26-08-2016, 12:10 PM
1444382056-ImageCompressionusingWavelets.rar (Size: 143.38 KB / Downloads: 9)
Image compression is the application of Data compression on digital images. In effect, the objective is to reduce redundancy of the image data in order to be able to store or transmit data in an efficient form. Image compression can be lossy or lossless. Lossless compression is sometimes preferred for artificial images such as technical drawings, icons or comics. Lossy methods are especially suitable for natural images such as photos in applications where minor (sometimes imperceptible) loss of fidelity is acceptable to achieve a substantial reduction in bit rate.
A wavelet is a mathematical function used to divide a given function or continuous-time signal into different scale components. Usually one can assign a frequency range to each scale component. Each scale component can then be studied with a resolution that matches its scale. A wavelet transform is the representation of a function by wavelets. The wavelets are scaled and translated copies (known as "daughter wavelets") of a finite-length or fast-decaying oscillating waveform (known as the "mother wavelet"). Wavelet transforms have advantages over traditional Fourier transforms for representing functions that have discontinuities and sharp peaks, and for accurately deconstructing and reconstructing finite, non-periodic and/or non-stationary signals.
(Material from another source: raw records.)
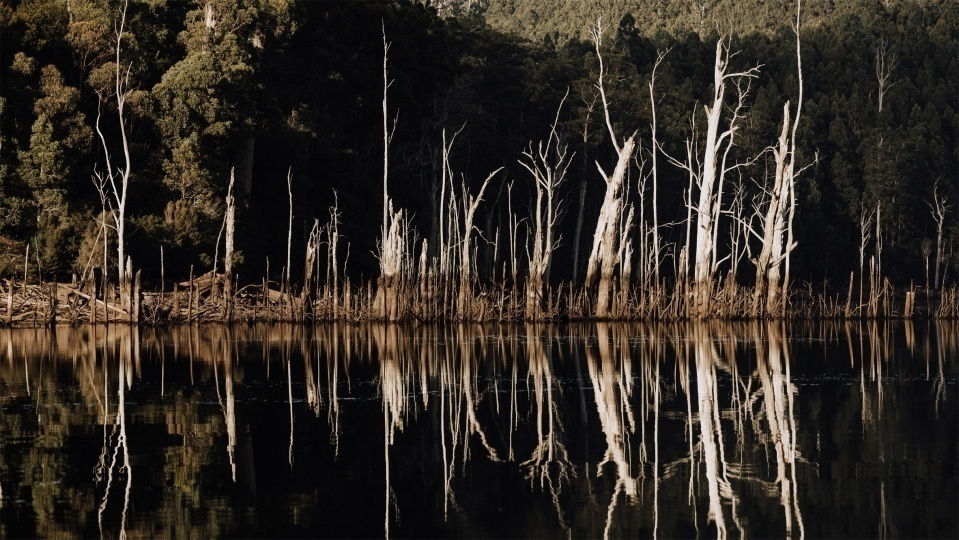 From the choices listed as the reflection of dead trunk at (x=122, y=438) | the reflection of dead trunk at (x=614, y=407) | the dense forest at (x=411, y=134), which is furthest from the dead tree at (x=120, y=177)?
the reflection of dead trunk at (x=614, y=407)

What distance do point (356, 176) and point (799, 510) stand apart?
3954cm

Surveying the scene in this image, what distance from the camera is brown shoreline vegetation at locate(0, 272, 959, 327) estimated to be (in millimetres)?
32156

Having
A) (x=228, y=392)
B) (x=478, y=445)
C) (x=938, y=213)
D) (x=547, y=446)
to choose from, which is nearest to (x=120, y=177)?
(x=228, y=392)

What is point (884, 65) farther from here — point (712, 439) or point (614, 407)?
point (712, 439)

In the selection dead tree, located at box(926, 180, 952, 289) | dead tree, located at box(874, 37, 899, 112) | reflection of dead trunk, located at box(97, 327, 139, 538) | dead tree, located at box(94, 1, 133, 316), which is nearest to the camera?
reflection of dead trunk, located at box(97, 327, 139, 538)

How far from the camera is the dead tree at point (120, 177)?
3192cm

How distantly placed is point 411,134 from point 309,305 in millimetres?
17858

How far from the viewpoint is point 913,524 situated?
29.1 feet

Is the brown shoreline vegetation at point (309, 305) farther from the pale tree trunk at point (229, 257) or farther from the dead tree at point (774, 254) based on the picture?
the dead tree at point (774, 254)

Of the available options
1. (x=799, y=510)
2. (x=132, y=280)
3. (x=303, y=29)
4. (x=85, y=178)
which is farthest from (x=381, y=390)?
(x=303, y=29)

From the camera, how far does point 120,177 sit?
3841cm

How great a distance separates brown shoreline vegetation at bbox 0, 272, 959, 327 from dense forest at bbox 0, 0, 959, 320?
0.94 metres

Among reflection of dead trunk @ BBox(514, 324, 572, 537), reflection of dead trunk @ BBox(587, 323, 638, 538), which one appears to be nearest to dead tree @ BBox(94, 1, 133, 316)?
reflection of dead trunk @ BBox(587, 323, 638, 538)

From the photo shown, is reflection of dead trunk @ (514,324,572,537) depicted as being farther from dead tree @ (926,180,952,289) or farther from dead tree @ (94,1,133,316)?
dead tree @ (926,180,952,289)
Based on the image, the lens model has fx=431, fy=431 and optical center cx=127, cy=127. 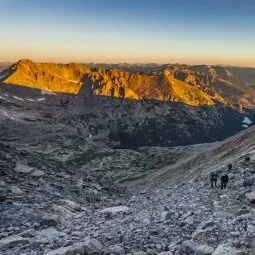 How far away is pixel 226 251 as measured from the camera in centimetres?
1497

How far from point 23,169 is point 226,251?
1193 inches

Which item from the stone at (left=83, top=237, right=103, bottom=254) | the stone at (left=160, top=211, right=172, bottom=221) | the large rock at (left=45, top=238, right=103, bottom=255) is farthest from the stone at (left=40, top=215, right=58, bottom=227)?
the stone at (left=83, top=237, right=103, bottom=254)

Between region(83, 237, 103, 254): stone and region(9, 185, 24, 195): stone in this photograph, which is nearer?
region(83, 237, 103, 254): stone

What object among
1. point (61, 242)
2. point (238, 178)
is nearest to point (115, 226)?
point (61, 242)

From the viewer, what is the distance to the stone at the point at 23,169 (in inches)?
1629

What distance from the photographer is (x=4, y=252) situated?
2005cm

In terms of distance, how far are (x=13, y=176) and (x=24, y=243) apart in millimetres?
18190

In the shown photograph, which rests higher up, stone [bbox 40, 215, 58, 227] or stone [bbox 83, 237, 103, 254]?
stone [bbox 83, 237, 103, 254]

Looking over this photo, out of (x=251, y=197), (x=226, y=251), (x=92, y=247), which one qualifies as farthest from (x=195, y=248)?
(x=251, y=197)

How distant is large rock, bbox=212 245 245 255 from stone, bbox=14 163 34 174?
2905 cm

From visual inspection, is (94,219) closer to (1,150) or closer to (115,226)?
(115,226)

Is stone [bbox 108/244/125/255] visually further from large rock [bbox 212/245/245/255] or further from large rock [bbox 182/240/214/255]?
large rock [bbox 212/245/245/255]

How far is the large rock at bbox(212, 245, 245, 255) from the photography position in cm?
1464

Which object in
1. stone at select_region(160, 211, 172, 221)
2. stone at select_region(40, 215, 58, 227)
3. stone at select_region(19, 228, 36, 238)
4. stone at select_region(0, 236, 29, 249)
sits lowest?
stone at select_region(40, 215, 58, 227) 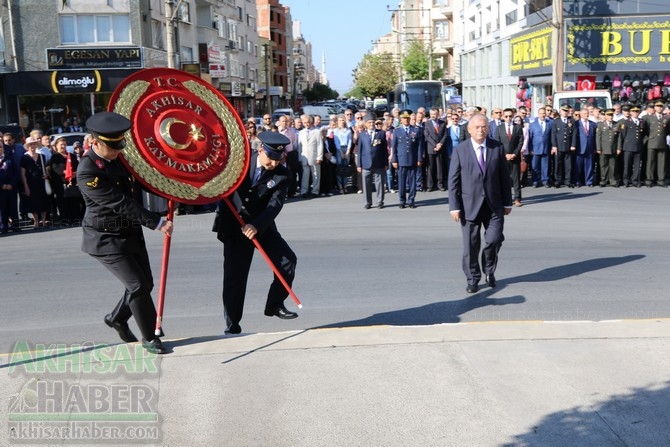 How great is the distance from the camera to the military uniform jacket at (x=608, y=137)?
1823 centimetres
Discrete wavelet transform (DWT) represents image as a sum of wavelet functions (wavelets) on different resolution levels. Basis for wavelet transform can be composed of any function that satisfies requirements of multi-resolution analysis. It means that there exists a large selection of wavelet families depending on the choice of wavelet function. The choice of wavelet family depends on the application. In image compression application this choice depends on image content. This paper will provide fundamentals of wavelet based image compression. The options for wavelet image representations are tested. The results of image quality measurements for different wavelet functions, image contents, compression ratios and resolutions are shown.